Is "Poverty" The Problem in Education?

Agree or not, this post certainly doesn't mince any words:

A favorite scapegoat, used shamelessly and with impunity, is poverty. I heard it from self-identified teachers at a March 12 legislative town hall meeting. I saw it in the March 9 weekly The Inlander. I hear it frequently from district administrators.

“We have so many poor people,” they say sadly, bellies up and paws waving. “Can’t you see we’re doing our best? It’s the poverty. We can’t overcome poverty. Poverty is the problem. We also have ineffective teachers, uninvolved parents, unmotivated students, social issues, lack of money, changing standards, testing, No Child Left Behind, huge classes, and … uh … a bunch of other things for which we’re definitely NOT responsible … But, the main problem is poverty.”

“Poverty is the key,” a district employee said at our Feb. 7 forum. “If you could fix poverty, you would fix the math problem.” He thinks he’s absolved from responsibility. Pass rates on standardized math tests do tend to be lower for disadvantaged students, but that isn’t because poverty is the problem with math. Jaime Escalante, Ben Chavis and Geoffrey Canada all have capably taught math to disadvantaged children.

I could give every poor family in Spokane millions of dollars, fancy suits, and a Lamborghini. If their children went through the district math program, and without outside intervention, they would eventually park the family Lamborghini in the community college parking lot and walk inside to take multiple remedial math classes – which about half would fail.

Four things are required for any classroom to be effective. I call those things the “Square of Effective Learning.” These are its four corners:

1. Effective teacher
2. Prepared student
3. Efficient and effective curriculum (learning materials)
4. Focused and effective learning environment

Poverty is not in this Square. (Careful now, lest you accidentally stereotype low-income families.)

Provocative, to say the least!

Personally, I don't think the problem is "poverty" as much as it is "culture". There is a "culture of poverty" and those that participate in that culture have a harder time than those who do not; poverty, then, isn't the direct link to trouble in school, culture is.

4 comments:

Anonymous said...

But on the other hand, I would wager that it can be difficult to concentrate on math, and can be difficult for a parent to make their child focus on math, when they are both starving, or the parent is unsure of where next month's rent will come from, or if any of their other basic needs are not being met.

mrelliott said...

As an educator who most recently taught in a school that had a significant population that was considered "economically disadvantaged", I came to the opinion that while poverty influenced a child's desire to learn, it never interfered in their ability to learn. And, that's the key...

There's a difference between desire and ability.

I've seen so much money available to poor students, by way of free breakfasts, lunches, school supplies, technology, transportation, even college tuition. And yet, in a lot of cases it did little to improve achievement.

I've seen so much abuse of financial aide in schools. Students that supposedly live in poverty, yet drive a nicer car than I do, have newer cell phones, designer clothing, etc., yet we're giving them free everything, and they could care less about their education.

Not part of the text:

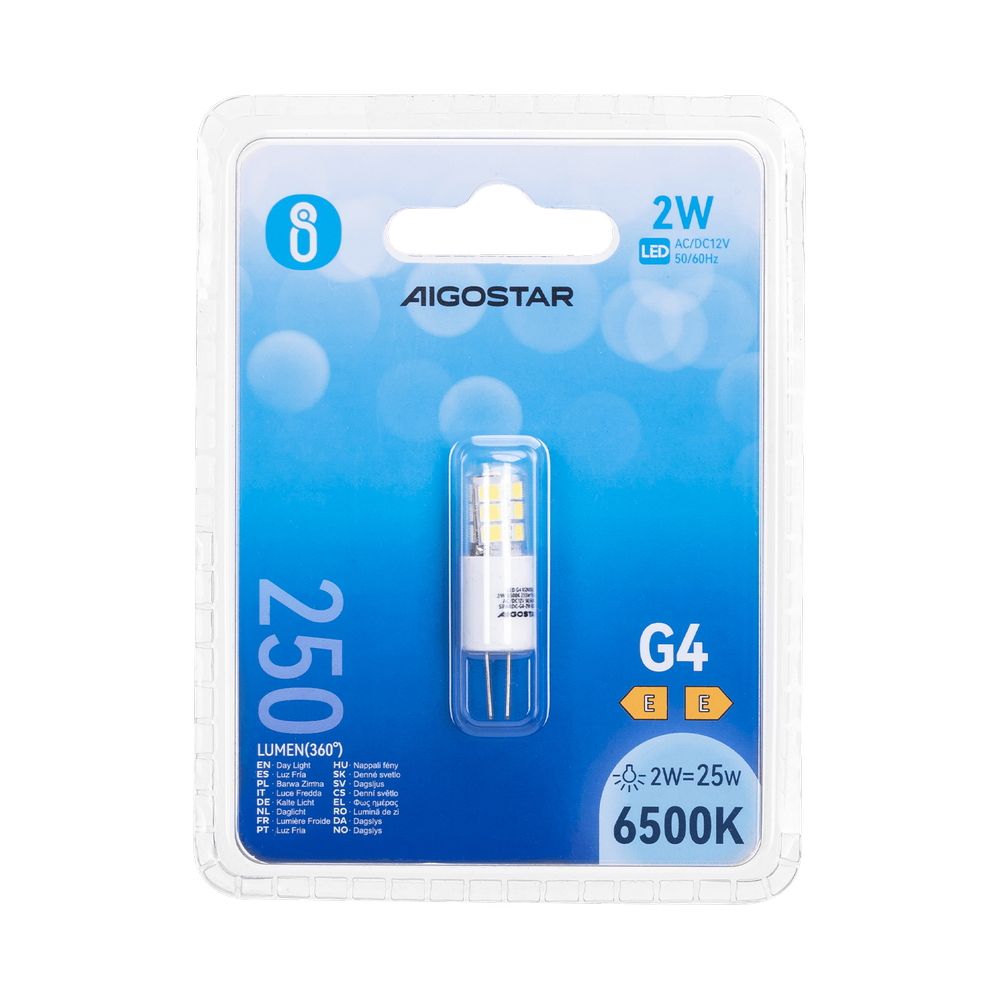 Lampadina Led G4 a Capsula 2W SMD trasparente Bianco freddo 6500K Aigostar - Foto 2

I agree with this, poverty is not preventing students from learning, and we've had enough years of dumping money into the system to show that is not the solution.

neko said...

When all of your basic necessities are being paid for by someone else, it frees up all of your money to be spent on toys and gadgets.

Ellen K said...

After Katrina an extended NOLA family was adopted by a midsized Ohio town. They were given a house and checks to buy clothing and food. Instead they bought big screen televisions and other luxury items. The townsfolks were up in arms because they knew winter was coming and feared the children didn't have warm clothing. Of course then the argument became a shouting match around racism. The real debate was that one group knew what to expect with a cold Ohio winter and the other group did not.